Item 1.01 Entry into a Material Definitive Agreement.
On June 30, 2014, Transcept Pharmaceuticals, Inc. (“Transcept” or the “Company”), Tigris Merger Sub, Inc., a Delaware corporation and a wholly owned subsidiary of Transcept (“Merger Sub”), Tigris Acquisition Sub, LLC, a Delaware limited liability company and a wholly owned subsidiary of Transcept (“Merger LLC”), and Paratek Pharmaceuticals, Inc., a Delaware corporation (“Paratek”), entered into an Agreement and Plan of Merger and Reorganization (the “Merger Agreement”), pursuant to which, among other things, subject to the satisfaction or waiver of the conditions set forth in the Merger Agreement, (i) Merger Sub will merge with and into Paratek, with Paratek becoming a wholly-owned subsidiary of Transcept and the surviving corporation of the merger (the “Merger”) and (ii) immediately following the Merger, the surviving corporation will merge with and into Merger LLC with Merger LLC surviving as the surviving company in such merger (the “Second Merger”). The Merger and the Second Merger are intended to qualify for federal income tax purposes as a tax-free reorganization under the provisions of Section 368(a) of the Internal Revenue Code of 1986, as amended.
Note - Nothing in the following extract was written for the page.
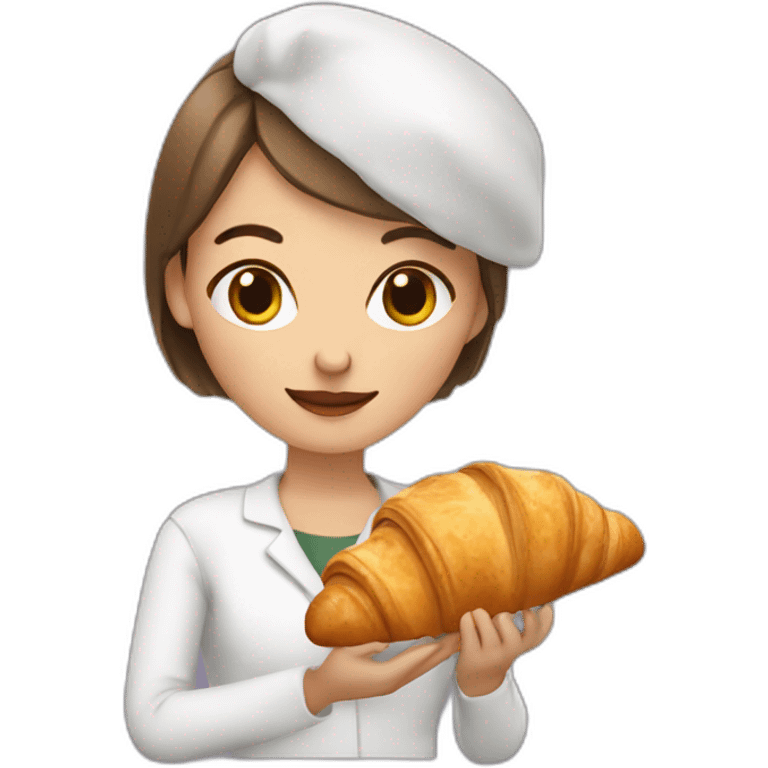 French Girl Holding a Croissant emoji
Subject to the terms and conditions of the Merger Agreement, at the closing of the Merger, each outstanding share of Paratek common stock will be converted into the right to receive 0.810 shares of common stock of the Company, subject to the payment of cash in lieu of fractional shares. Immediately following the effective time of the Merger, Paratek stockholders are expected to own approximately 89.6% of the outstanding capital stock of the Company.
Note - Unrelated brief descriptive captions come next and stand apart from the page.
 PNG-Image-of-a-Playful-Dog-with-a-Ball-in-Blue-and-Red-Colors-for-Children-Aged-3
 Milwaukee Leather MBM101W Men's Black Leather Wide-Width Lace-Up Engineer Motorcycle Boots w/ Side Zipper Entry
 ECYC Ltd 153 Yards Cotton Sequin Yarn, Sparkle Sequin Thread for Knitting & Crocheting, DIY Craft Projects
Consummation of the Merger is subject to certain closing conditions, including, among other things, approval by the stockholders of Transcept and Paratek. The Merger Agreement contains certain termination rights for both Transcept and Paratek, and further provides that, upon termination of the Merger Agreement under specified circumstances, either party may be required to pay the other party a termination fee of $6.3 million.
At the effective time of the Merger, the Board of Directors of Transcept is expected to consist of a total of seven members, two of whom will be designated by Transcept and five of whom will be designated by Paratek.
Pursuant to the terms of the Merger Agreement, prior to the closing of the Merger, Transcept is expected to make a dividend to its stockholders of certain assets, including excess cash (as calculated in accordance with the Merger Agreement), the right to receive certain royalty income received by Transcept pursuant to the United States License and Collaboration Agreement, dated July 31, 2009, as amended November 1, 2011, by and between Transcept and Purdue Pharmaceutical Products L.P., and the right to receive the proceeds (net of certain fees, expenses) of any sale of Intermezzo (zolpidem tartrate) sublingual tablet C-IV or Transcept’s product candidate, designated TO-2070, in each case, which are received prior to the two-year anniversary of the closing of the Merger or which are received pursuant to a definitive agreement relating to such sale which is entered into during such period.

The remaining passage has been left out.